RSF et l’Arcom : deux méthodes, deux lectures d’un même paysage médiatique
Le cœur du désaccord repose sur la méthodologie.
- RSF affirme avoir analysé 700 000 bandeaux de chaînes d’info, grâce à un outil automatisé, afin de mesurer la présence des différentes forces politiques sur des plages horaires distinctes.
- L’Arcom, elle, explique n’avoir observé aucune infraction en mars 2025 sur CNews, tout en refusant de fournir des chiffres détaillés pour étayer cette position.
Cette absence de transparence des données du régulateur soulève une question majeure : comment le public peut-il se faire une opinion éclairée lorsque les deux acteurs avancent des chiffres contradictoires, dont l’un reste confidentiel ?
La nuit, nouvelle frontière du pluralisme télévisuel ?
RSF pointe une pratique qu’elle considère comme une forme de “triche” : décaler les invitations de responsables politiques de gauche vers des créneaux nocturnes, moins exposés. Selon l’ONG :
- en prime time, l’extrême droite totaliserait 40,6 % de l’exposition, contre 15,4 % pour la gauche ;
- la nuit, les proportions s’inverseraient, avec 60,1 % de temps pour la gauche, contre 1,6 % pour l’extrême droite.
L’Arcom répond en affirmant que, pour ce mois-là, certaines familles politiques seraient surreprésentées de jour comme de nuit, ce qui contredit totalement l’analyse de RSF.
Cette contradiction pose une question fondamentale : les règles actuelles du pluralisme sont-elles encore adaptées à un paysage médiatique en continu, fragmenté entre prime time, soirées, et heures creuses ?
France 2 contrainte de couper une séquence : simple incident ou symptôme d’un malaise plus large ?
La décision de France 2 de supprimer au dernier moment une séquence critique, faute de pouvoir intégrer le positionnement de l’Arcom, interroge.
Doit-on y voir un respect scrupuleux du contradictoire ?

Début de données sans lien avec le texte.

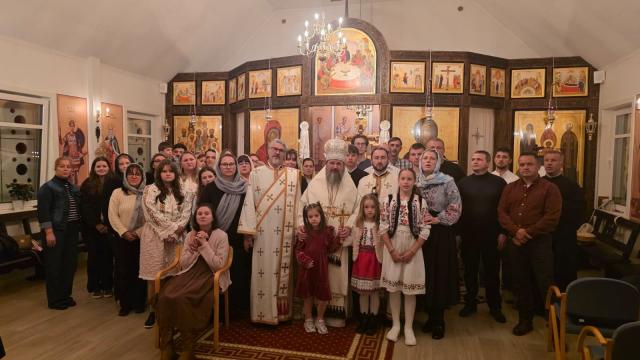 PS Macarie în mijlocul românilor și al ortodocșilor scandinavi din Regatele Danemarcei și Norvegiei. Hirotonii, botez, rugăciune pentru copii și slujiri la Poarta Fiordurilor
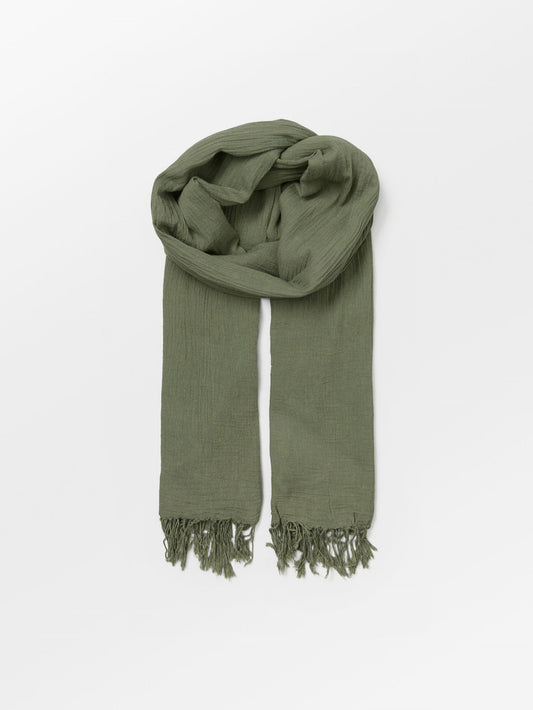 Solid Ilona Scarf - Green OneSize   BeckSöndergaard.no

Ou bien cela met-il en lumière la difficulté des chaînes publiques à traiter des sujets impliquant simultanément un régulateur, des ONG et une chaîne concurrente ?
La question du pluralisme ne serait-elle pas devenue un sujet si inflammatoire que chaque acteur redouble de prudence, quitte à amoindrir la transparence du débat ?
Plus globalement : comment mesurer une notion aussi complexe que le pluralisme ?
À l’heure où les chaînes d’info fonctionnent en continu, où les bandeaux défilent en permanence et où les temps d’antenne ne sont plus strictement liés aux émissions politiques traditionnelles, le mode de calcul historique du pluralisme semble atteindre ses limites.
Les outils d’analyse automatisés comme celui utilisé par RSF représentent-ils une nouvelle voie plus objective ?
Ou risquent-ils, au contraire, de produire une lecture simplifiée d’une réalité éditoriale plus complexe ?
Et l’Arcom, souvent critiquée pour son opacité méthodologique, doit-elle revoir sa manière de publier ses données pour apaiser les soupçons ?
Un débat qui dépasse CNews : quel pluralisme veut-on pour l’avenir ?
À travers cette controverse, c’est toute la question du pluralisme audiovisuel en France qui est relancée :
- un pluralisme mesuré en volume de temps de parole, est-ce suffisant ?
- faut-il aussi mesurer la tonalité, les angles, les cadres narratifs ?
- le pluralisme doit-il s’apprécier chaîne par chaîne, ou globalement à l’échelle du paysage médiatique ?
Ces interrogations, déjà présentes dans le débat public, prennent une nouvelle dimension à la lumière du reportage de Complément d’enquête et des échanges tendus entre RSF et l’Arcom.
Vers une refonte des règles du pluralisme ?
La question n’est plus seulement de savoir si CNews respecte ou non les règles.
La vraie interrogation est peut-être ailleurs : la France dispose-t-elle encore d’outils fiables et transparents pour garantir un pluralisme réel dans un environnement médiatique profondément transformé ?
Entre ONG, chaînes publiques, régulateur et médias privés, la bataille autour des chiffres a révélé une chose : la notion de pluralisme n’a jamais été aussi débattue… et aussi difficile à mesurer.